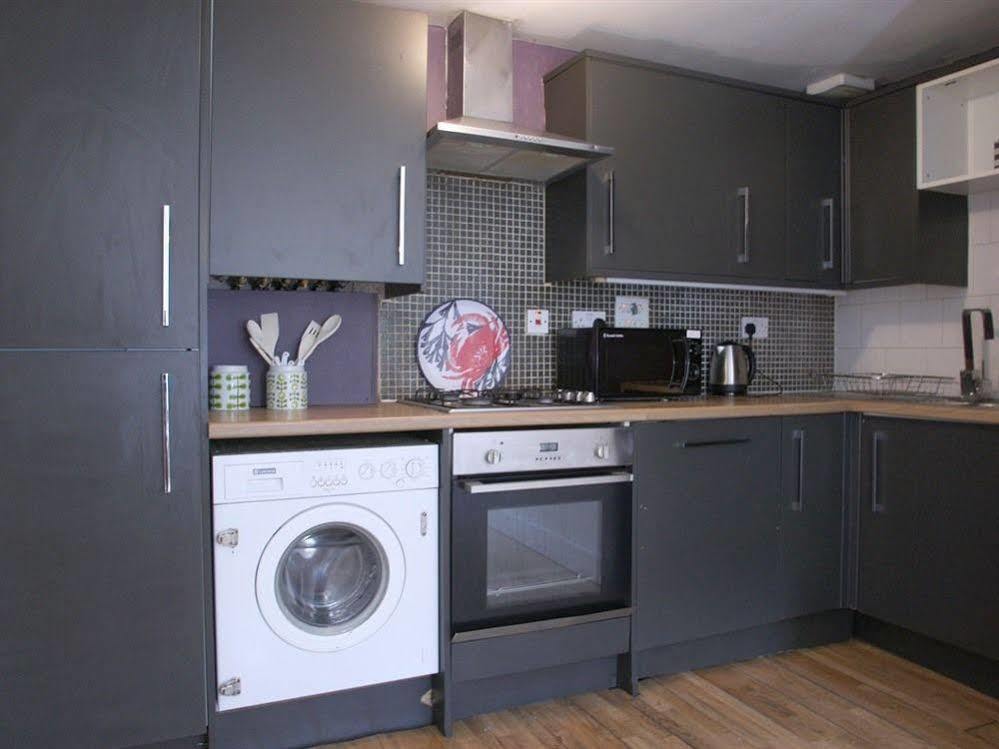 Steads Place Apartment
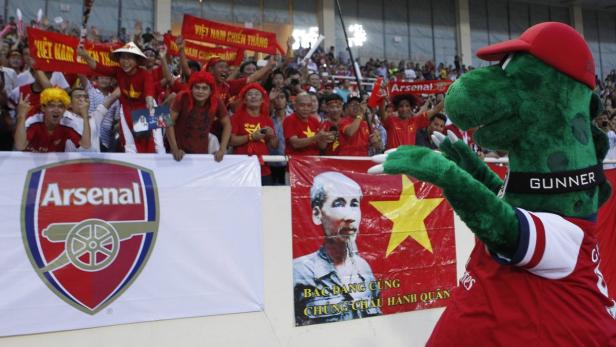 The Arsenal mascot greets soccer fans during their friendly soccer match with the Vietnam soccer team at My Dinh stadium in Hanoi July 17, 2013. REUTERS/Kham (VIETNAM - Tags: SPORT SOCCER)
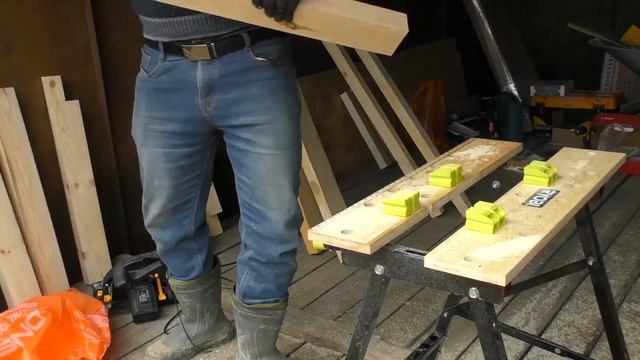 Простой бюджетный ВЕРСТАК из досок своими руками в Гараж! Папа Дом Строит 4 серия смотреть онлайн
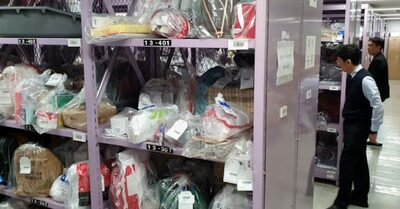 シャネル・ルイヴィトン偽物からインド産バイアグラまで多種多様の“摘発成果物”…悪臭漂う韓国・仁川空港の留置倉庫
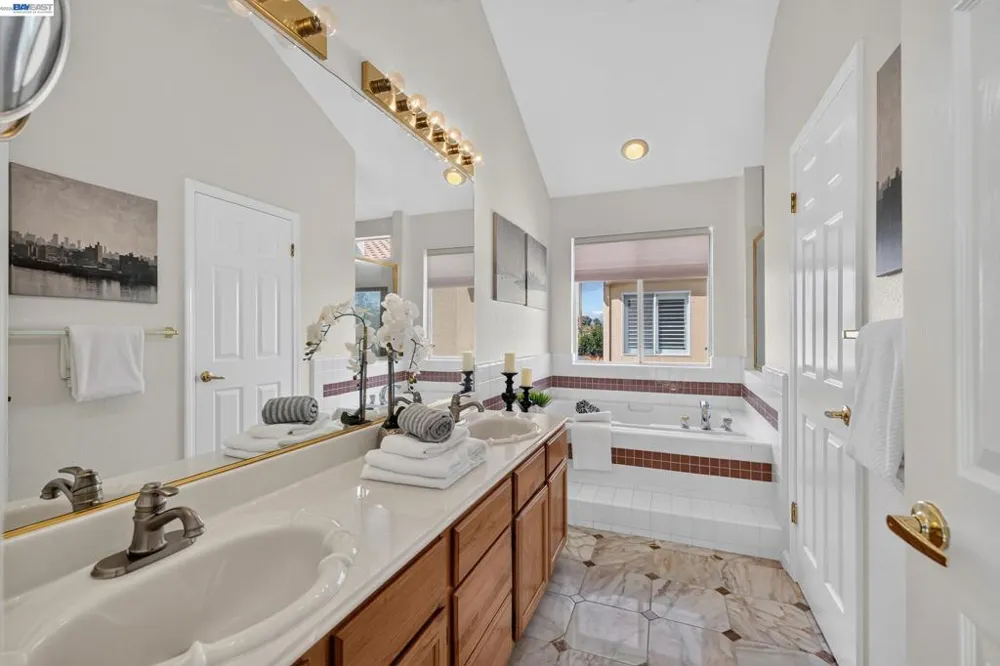 2556 Monte Lindo Ct San Jose, CA 95121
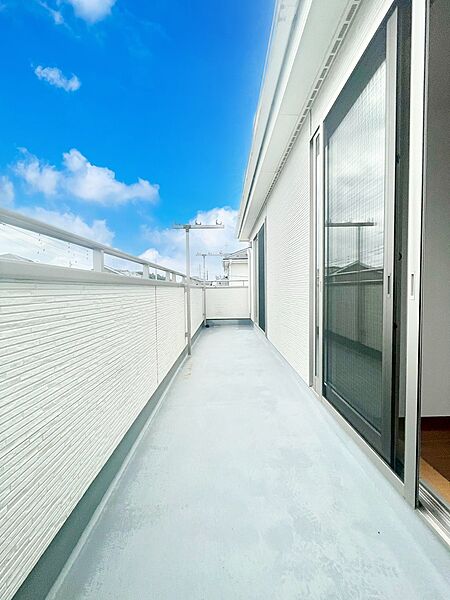 ゆったりバルコニーだから沢山お洗濯ものを干せます。
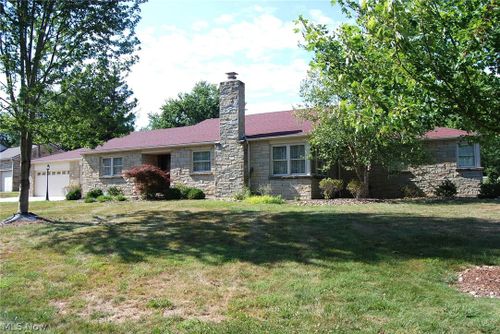 315 Parkway Dr, Zanesville, OH, 43701-1609 | Card Image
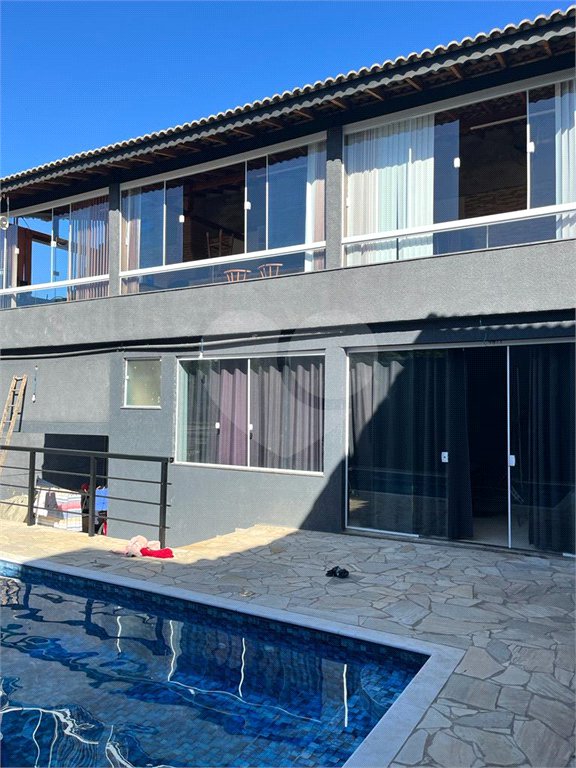 Sobrado à venda com 3 quartos, sendo 1 suíte, em Jardim Brogotá, Atibaia, SP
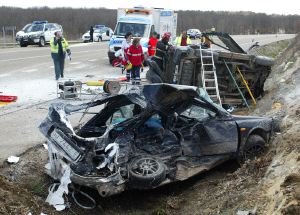 Estado en el quedó el coche accidentado. / JULIÁN GARCÍA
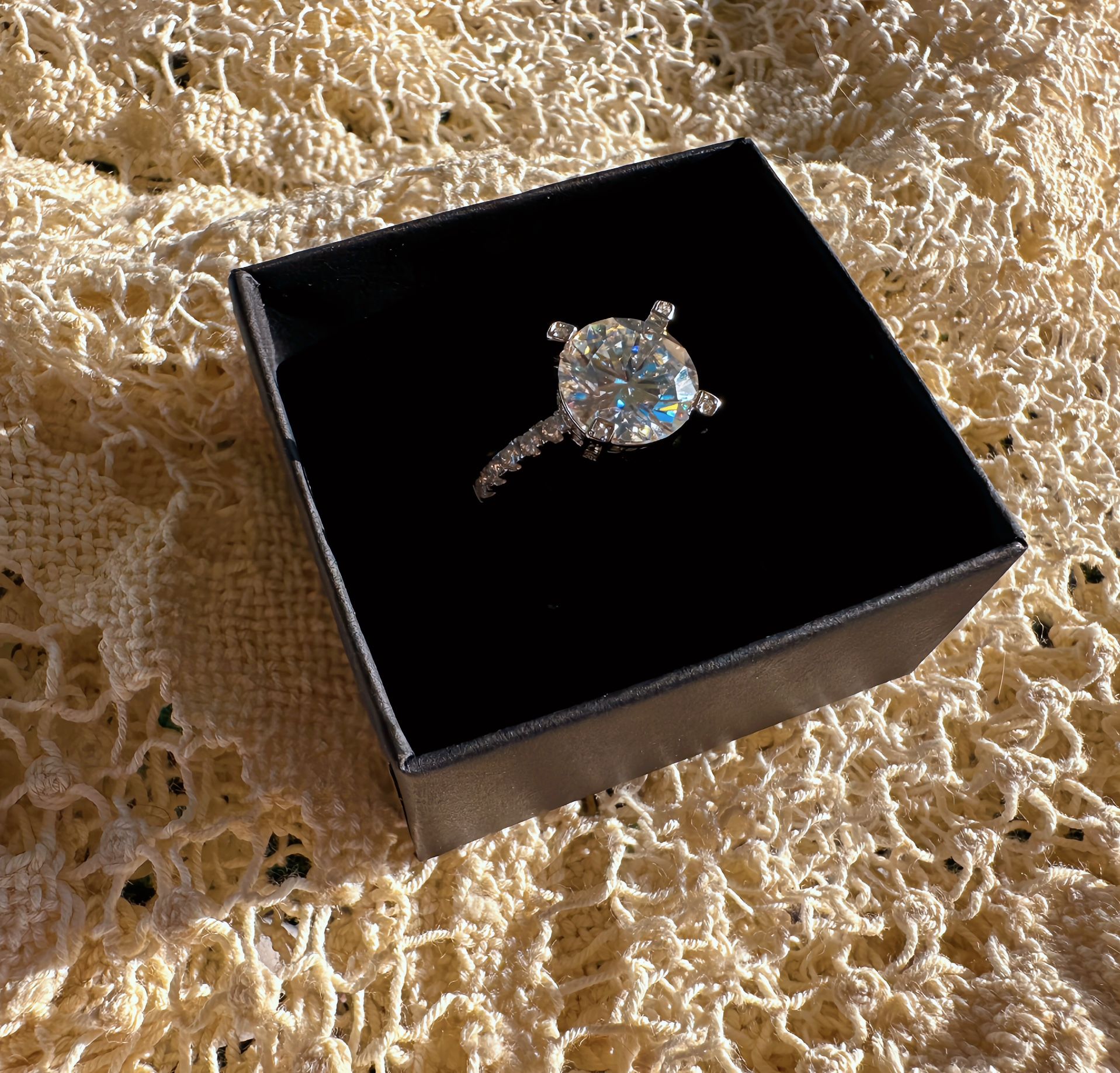 Absolutely stunning, size 8, 5 carat ring.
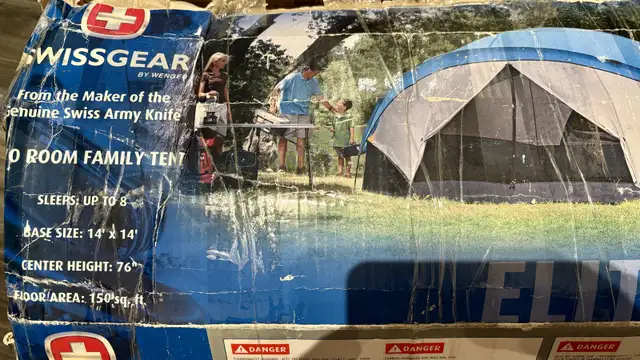 Camping Tent Large in Fishing, Camping & Outdoors in Mississauga / Peel Region - Image 2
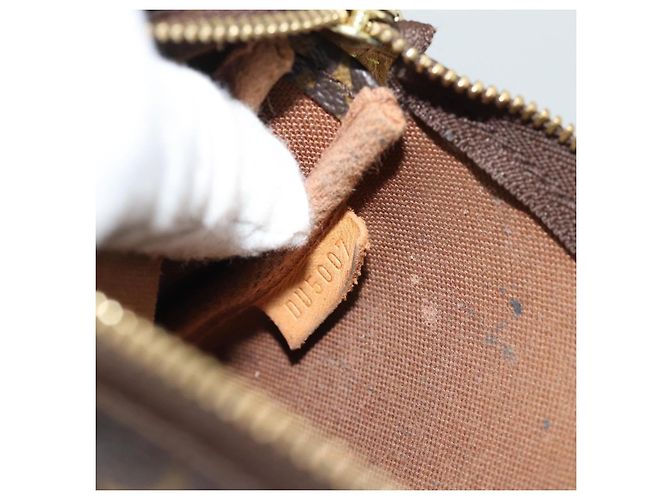 LOUIS VUITTON Monogram Mini Pochette Accessoires Pochette N41667 LV Auth 184348A Monogramma - vista 12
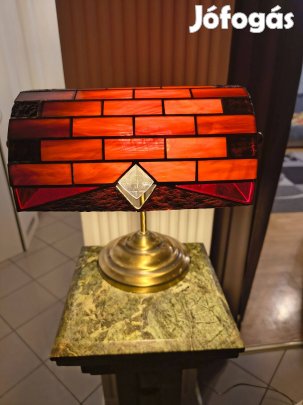 Tiffany jellegű búrás banklámpa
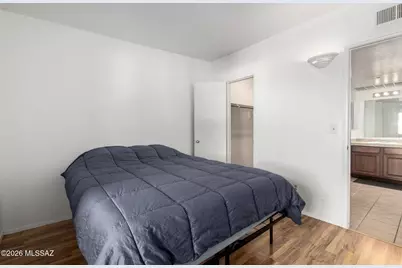 1810 E Blacklidge Drive #123, Tucson, AZ 85719 - Photo 14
※
Goal of the exercise:
Return the stretch of data that begins with the line showing "The Arsenal mascot" and goes on through the line showing "Sobrado à venda", exactly, with pictures removed.

Answer to this task:
 The Arsenal mascot greets soccer fans during their friendly soccer match with the Vietnam soccer team at My Dinh stadium in Hanoi July 17, 2013. REUTERS/Kham (VIETNAM - Tags: SPORT SOCCER)
 Простой бюджетный ВЕРСТАК из досок своими руками в Гараж! Папа Дом Строит 4 серия смотреть онлайн
 シャネル・ルイヴィトン偽物からインド産バイアグラまで多種多様の“摘発成果物”…悪臭漂う韓国・仁川空港の留置倉庫
 2556 Monte Lindo Ct San Jose, CA 95121
 ゆったりバルコニーだから沢山お洗濯ものを干せます。
 315 Parkway Dr, Zanesville, OH, 43701-1609 | Card Image
 Sobrado à venda com 3 quartos, sendo 1 suíte, em Jardim Brogotá, Atibaia, SP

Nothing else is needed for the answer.